With CSI Driver, you can use either a host directory or a PVC for cache storage. Their main differences are in isolation level and data locality rather than performance. Here is a breakdown:

  • Host directories (hostPath) are easy to use. Cache data is stored directly on local cache disks, so observation and management are fairly straightforward. However, if Mount Pods (with application Pods) get scheduled to different nodes, all cache content will be lost, leaving residual data that might need to be cleaned up in this process (read sections below on cache cleanup). If you have no special requirements on isolation or data locality, use this method.
  • If all worker nodes are used to run JuiceFS Mount Pods, and they host similar cache content (similar situation if you use distributed caching), Pod migration is not really a problem, and you can still use host directories for cache storage.
  • When using a PVC for cache storage, different JuiceFS PVs can isolate cache data. If the Mount Pod is migrated to another node, the PVC reference remains the same. This ensures that the cache is unaffected.

Using host directories (hostPath)

For Kubernetes nodes, a dedicated disk is often used as data and cache storage, be sure to properly configure the cache directory, or JuiceFS cache will by default be written to /var/jfsCache, which can easily eat up system storage space.

After the cache directory is set, it will be accessible in the Mount Pod via hostPath.
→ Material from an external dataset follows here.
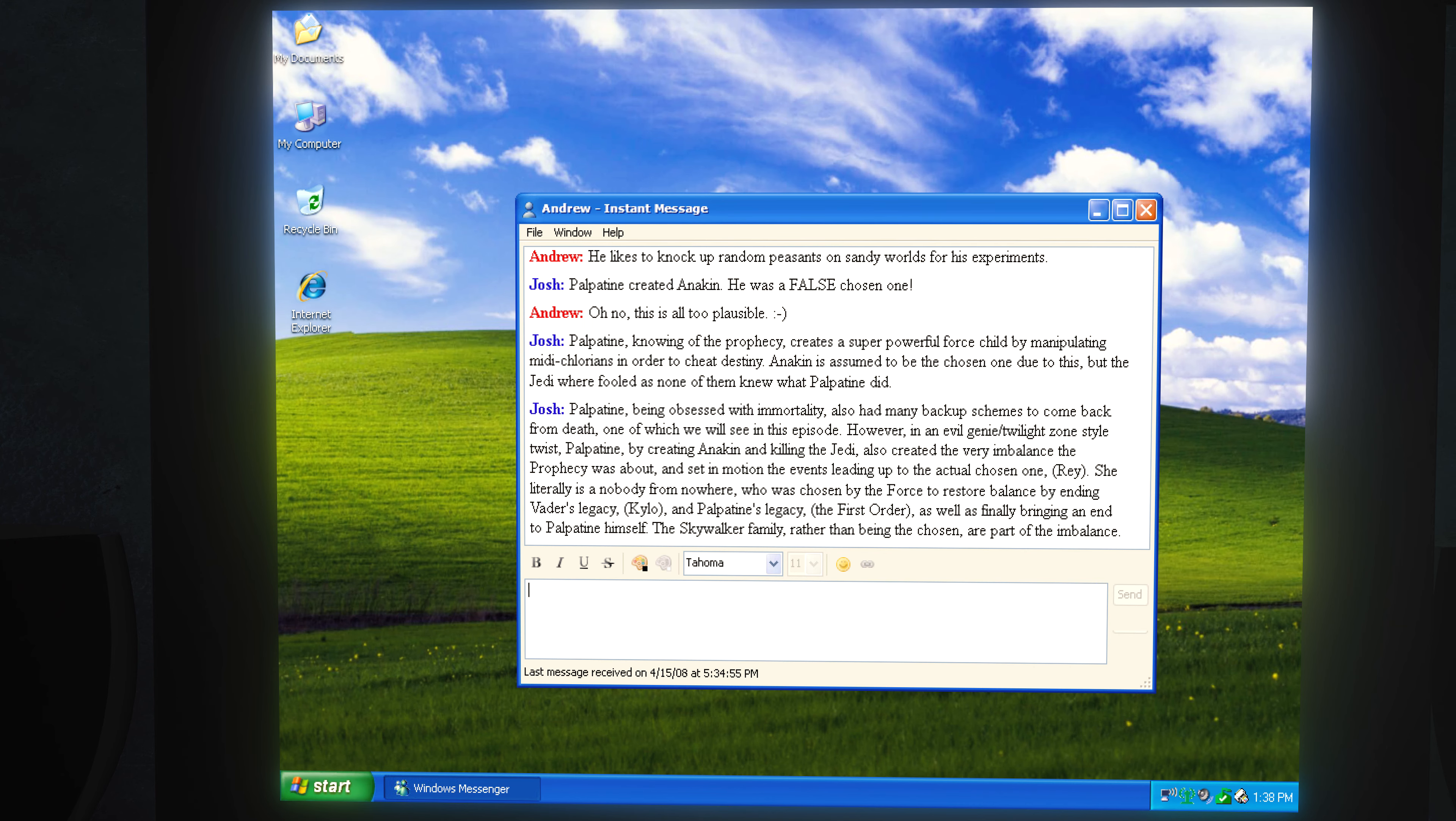Palpatine, being obsessed with immortality, also had many backup schemes to come back from death, one of which we will see in this episode. However, in an evil genie Twilight Zone style twist, Palpatine, by creating Anakin and killing the Jedi, also created the very imbalance the prophecy was about, and set in motion the events leading up to the actual chosen one.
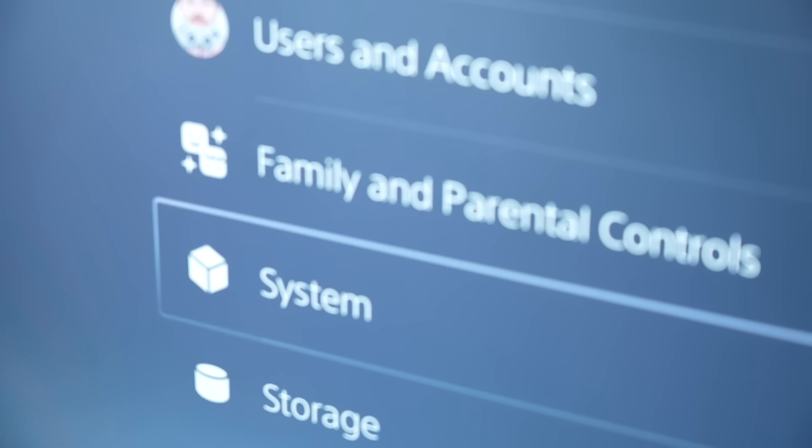But if this doesn't work, there's two more things that you can try. Go to your power save settings, select features available in REST mode, and change supply power to USB ports to either always or off. This can be most helpful for users who keep an external hard drive connected to the PS5. You can start by changing the setting to always and see if it fixes the issue. If the problem still happens with it set to always, then you can try switching it to off.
You might also need to configure other cache-related options (like --cache-size) according to Adjust mount options.

note
  • In CSI Driver, cache-dir parameter does not support wildcard character, if you need to use multiple disks as storage devices, specify multiple directories joined by the : character. See JuiceFS Community Edition and JuiceFS Cloud Service.
  • For scenarios that involve intensive small writes, we usually recommend users to temporarily enable client write cache, but due to its inherent risks, this is advised against when using CSI Driver, because Pod lifecycle is significantly more unstable, and can cause data loss if Pod exists unexpectedly.

Using ConfigMap

Read Custom directory.

Define in PV (deprecated)

Since CSI Driver v0.25.1, cache directories are supported in ConfigMap. Please refer to the previous section to manage all PV settings in a centralized place. The following practice of defining cache directories in PVs is deprecated.

Static provisioning:

apiVersion: v1
kind: PersistentVolume
metadata:
name: juicefs-pv
labels:
juicefs-name: ten-pb-fs
spec:
capacity:
storage: 10Pi
volumeMode: Filesystem
accessModes:
- ReadWriteMany
persistentVolumeReclaimPolicy: Retain
mountOptions:
- cache-dir=/dev/vdb1
- cache-size=204800
csi:
driver: csi.juicefs.com
volumeHandle: juicefs-pv
fsType: juicefs
nodePublishSecretRef:
name: juicefs-secret
namespace: default

Dynamic provisioning:

apiVersion: storage.k8s.io/v1
kind: StorageClass
metadata:
name: juicefs-sc
provisioner: csi.juicefs.com
parameters:
csi.storage.k8s.io/provisioner-secret-name: juicefs-secret
csi.storage.k8s.io/provisioner-secret-namespace: default
csi.storage.k8s.io/node-publish-secret-name: juicefs-secret
csi.storage.k8s.io/node-publish-secret-namespace: default
mountOptions:
- cache-dir=/dev/vdb1
- cache-size=204800

Use PVC as cache path

From 0.15.1 and above, JuiceFS CSI Driver supports using a PVC as cache directory. This is often used in hosted Kubernetes clusters provided by cloud services, which allows you to use a dedicated cloud disk as cache storage for CSI Driver.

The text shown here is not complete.